I was beyond ecstatic to receive the e-mail announcement: registration for the fourth annual PRACTICE: Game Design in Detail conference hosted by the NYU Game Center is now open. I completed my registration within minutes of receiving the e-mail, cheery at the prospect of, surely, being among the first to register. Never have I so gladly and hastily parted ways with $370. 

Before I continue: no, this is not a sponsored post from the Game Center! I just really love the place that much. Let me give you the short version of the story.

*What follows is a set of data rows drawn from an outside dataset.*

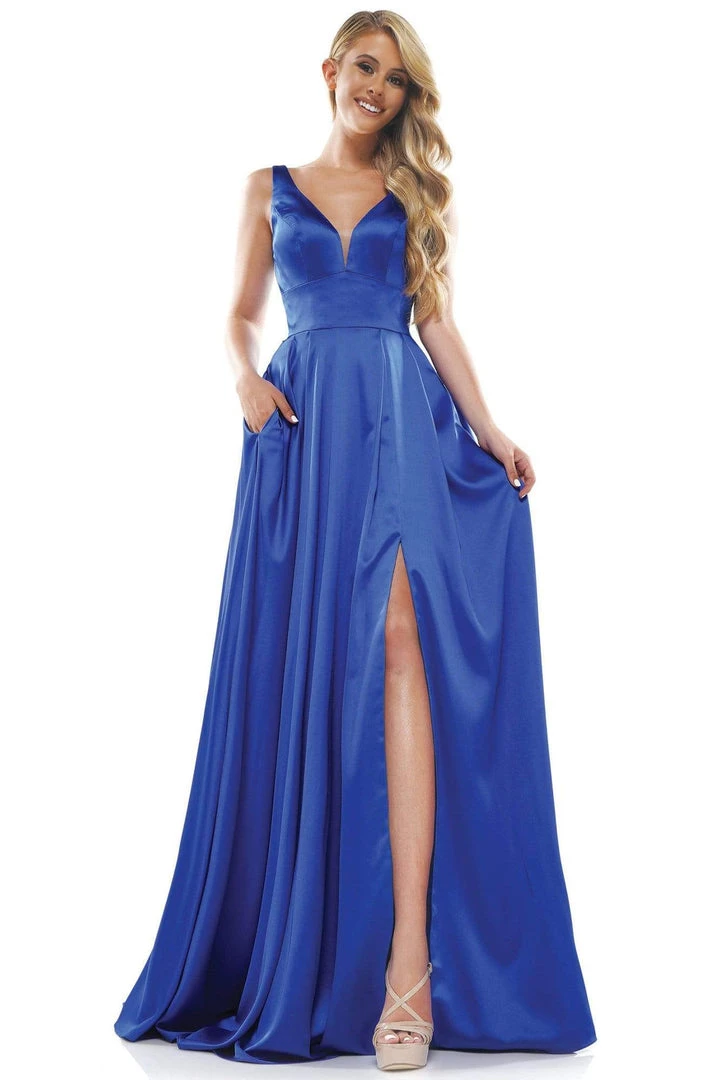 Colors Dress Glow Dress - G904 Deep V-Neck Satin A-Line Gown 9 Colors Dress Glow Dress - G904 Deep V-Neck Satin A-Line Gown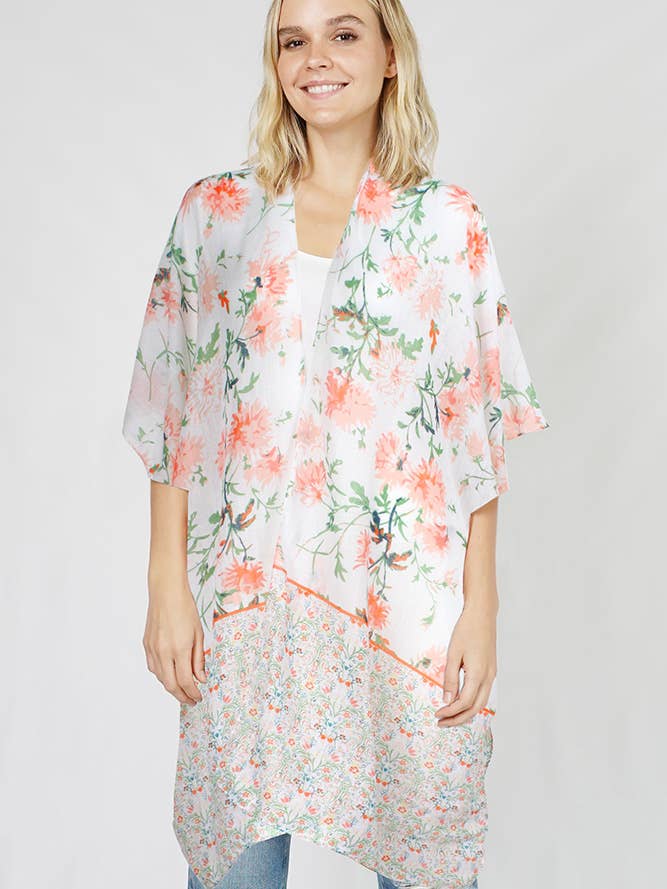 Flower Pattern Print Summer Kimono for wholesale by Hana
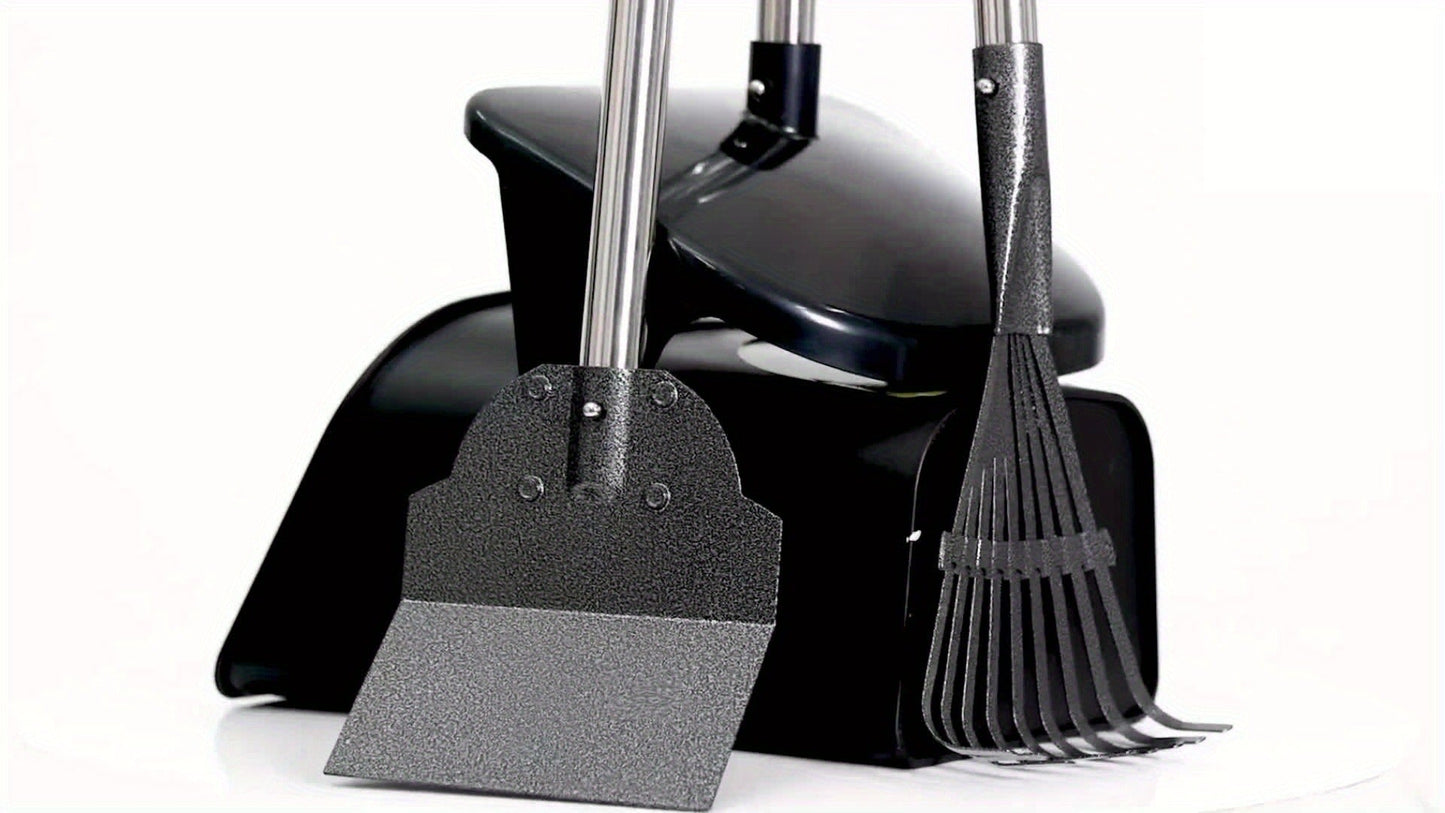 Dog Pooper Scooper with Long Handle & Swivel Bin - Heavy Duty Rake Spade Set, 40 Waste Bags Included, Pet Waste Removal for Yard Grass Gravel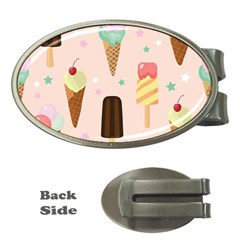 Cute-pink-ice-cream-and-candy-seamless-pattern-vector Money Clips (oval)  by nate14shop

 What are you waiting for? Register!

What are you waiting for? Register!

Last spring, I was laid off of my job. It was during that period that I began to seriously reconsider not just my career path, but the things that mattered to me in life. I decided that, even though I needed a job right then and should probably seek employment in the same industry (e.g. national security) from which I had just been removed, I owed it to myself to investigate the possibility of rekindling my childhood dream: working in the game industry as a designer or producer. Three months later, my old employer ended up taking me back, but the bug stuck. I started investigating grad school possibilities for game design studies, which led me to discover NYU's Game Design MFA. Lo' and behold, it turned out that they were having some sort of conference of game designers a couple of months later. The timing could hardly have been more propitious. PRACTICE, I decided, would be my first step towards possibly orienting my life in a new direction, my first opportunity to get a close peek through the window of the game industry/academia and the discipline of game design to see if it held any real appeal.

 Me gushing at the opening of PRACTICE 2013.

Me gushing at the opening of PRACTICE 2013.

The fact that I am now writing this blog is evidence of its impact. It was an absolutely fantastic experience; never had I been in an environment that was at once so fun and intellectually stimulating. I'm not gonna lie, I was a bit disappointed by the rather drab opening remarks of the only speaker whose name I recognized, but there were so many other intellectually rich, compelling, engaging talks given that gave me a new appreciation for the art and science of design—stand-outs for me include Rob Daviau, Sean Vanaman and Jake Rodkin, and Robert Yang. But, just as important as the talks, it was my first time actually meeting and talking to people involved in making games: during coffee breaks, at a ridiculously awesome house party, on the sidelines of a break dance battle (yes, really!). It was all that an unsure, curious, enthusiastic, quarter-life crisis drifter could ask for. 

Turns out that the discipline of game design had real appeal, after all.